### [REQUIREMENT]
Nothing should appear in the answer except the lines below from the line containing "Chandelier with tete de negre and gold leaf" through the line containing "a circular window", copied exactly, with pictures left out.

Start of PROVIDED DATA

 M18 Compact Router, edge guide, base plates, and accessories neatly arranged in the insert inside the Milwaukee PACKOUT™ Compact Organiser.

End of PROVIDED DATA
Start of PROVIDED DATA

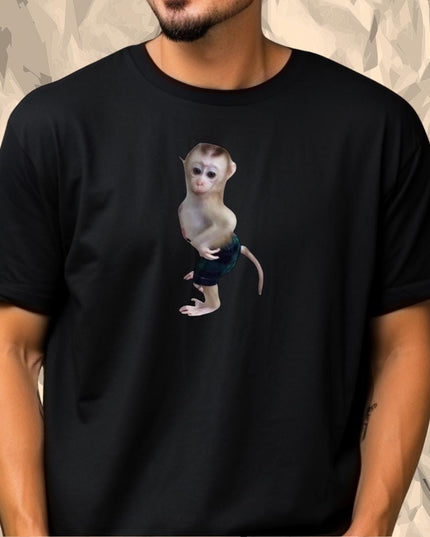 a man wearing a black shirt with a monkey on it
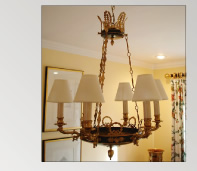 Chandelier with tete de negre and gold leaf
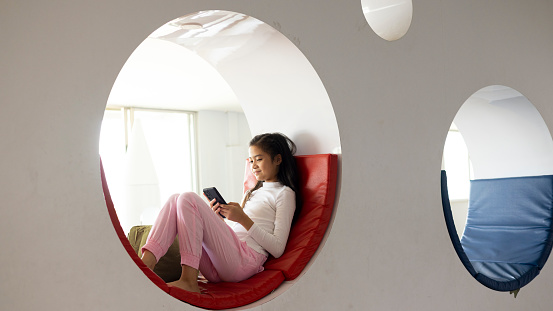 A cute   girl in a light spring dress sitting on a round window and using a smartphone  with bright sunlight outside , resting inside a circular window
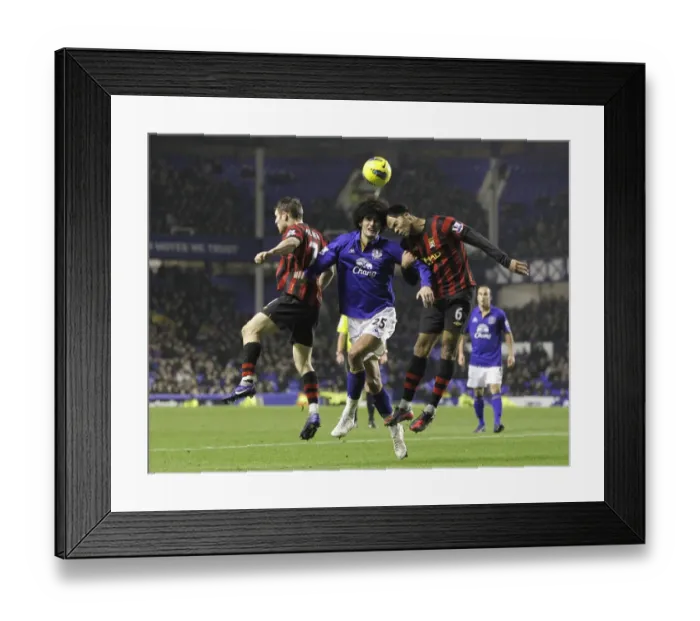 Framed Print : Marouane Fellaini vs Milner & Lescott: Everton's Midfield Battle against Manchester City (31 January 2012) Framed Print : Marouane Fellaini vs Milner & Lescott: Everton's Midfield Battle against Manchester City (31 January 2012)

End of PROVIDED DATA

### [TASK ANSWER]
 Chandelier with tete de negre and gold leaf
 A cute   girl in a light spring dress sitting on a round window and using a smartphone  with bright sunlight outside , resting inside a circular window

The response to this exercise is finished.